● **YOUR TASK**
Every line below from the one with "Appartamento Via Corrado" through the one with "Уровень удовлетворенности партнеров" should be retyped exactly, both ends included; no other lines and no pictures.

● **Records from a dataset**
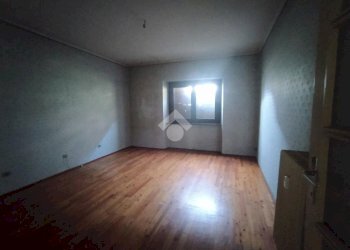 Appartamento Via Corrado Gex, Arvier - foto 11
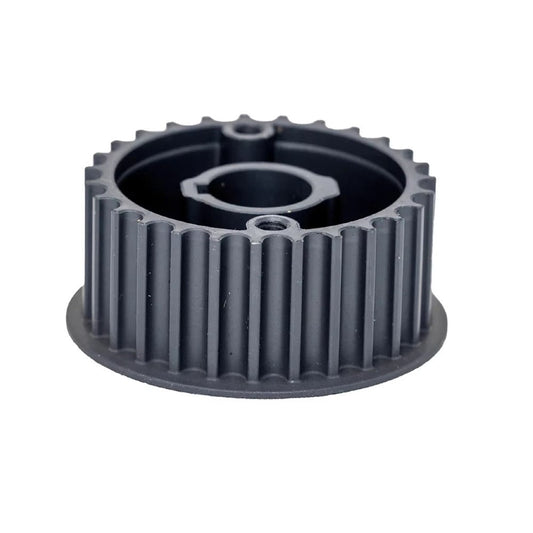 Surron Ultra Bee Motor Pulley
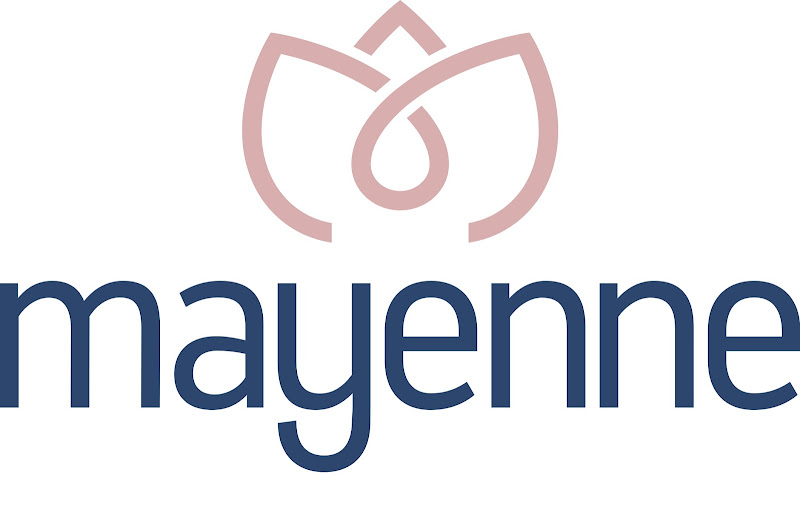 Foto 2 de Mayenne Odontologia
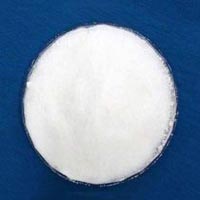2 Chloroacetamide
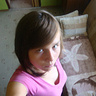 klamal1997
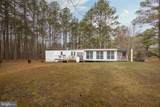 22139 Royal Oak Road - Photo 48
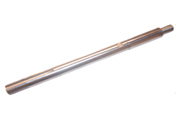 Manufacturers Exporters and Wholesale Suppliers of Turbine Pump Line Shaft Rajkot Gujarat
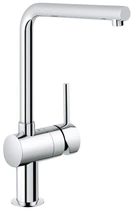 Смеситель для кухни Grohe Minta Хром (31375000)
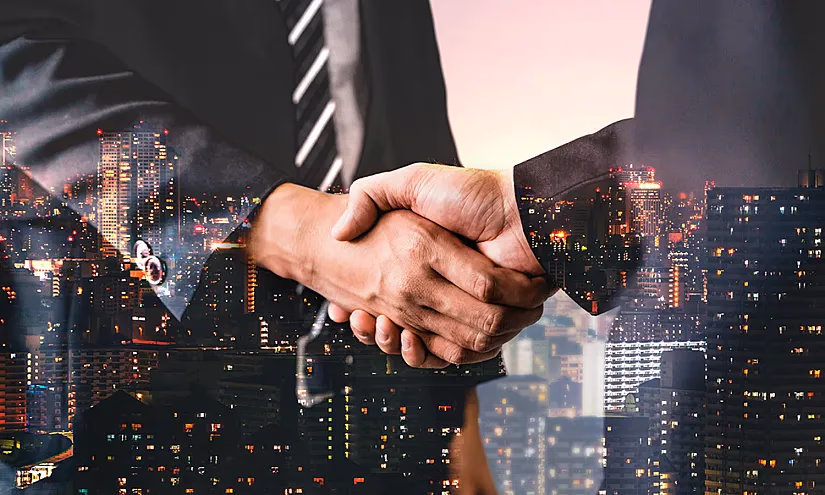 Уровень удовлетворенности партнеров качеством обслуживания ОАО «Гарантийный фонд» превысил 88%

* * *

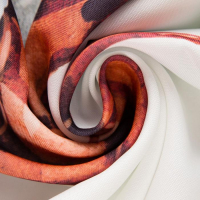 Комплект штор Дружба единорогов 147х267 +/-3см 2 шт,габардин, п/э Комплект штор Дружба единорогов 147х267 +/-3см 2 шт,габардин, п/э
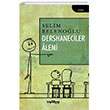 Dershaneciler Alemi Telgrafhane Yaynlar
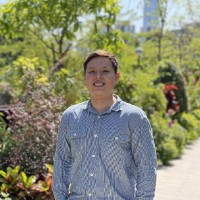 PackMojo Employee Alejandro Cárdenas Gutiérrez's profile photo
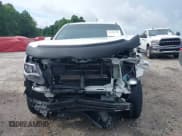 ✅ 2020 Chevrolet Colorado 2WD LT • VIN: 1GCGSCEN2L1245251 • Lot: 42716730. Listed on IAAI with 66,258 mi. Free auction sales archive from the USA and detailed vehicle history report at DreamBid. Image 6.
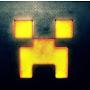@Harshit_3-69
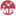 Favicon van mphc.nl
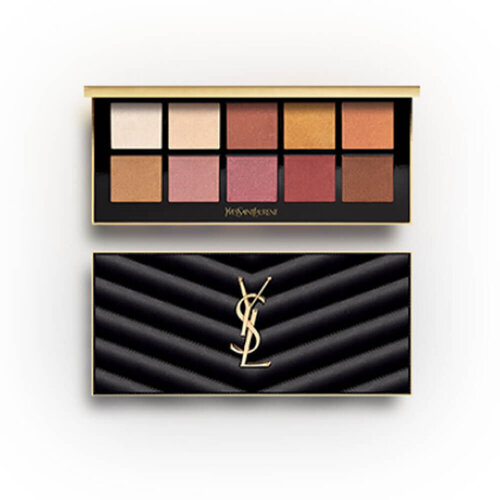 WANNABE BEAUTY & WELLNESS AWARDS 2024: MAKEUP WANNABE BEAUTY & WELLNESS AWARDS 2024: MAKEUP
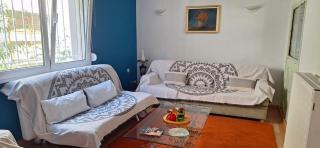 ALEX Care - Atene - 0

● **EXERCISE ANSWER**
 Appartamento Via Corrado Gex, Arvier - foto 11
 Surron Ultra Bee Motor Pulley
 Foto 2 de Mayenne Odontologia
2 Chloroacetamide
 klamal1997
 22139 Royal Oak Road - Photo 48
 Manufacturers Exporters and Wholesale Suppliers of Turbine Pump Line Shaft Rajkot Gujarat
 Смеситель для кухни Grohe Minta Хром (31375000)
 Уровень удовлетворенности партнеров качеством обслуживания ОАО «Гарантийный фонд» превысил 88%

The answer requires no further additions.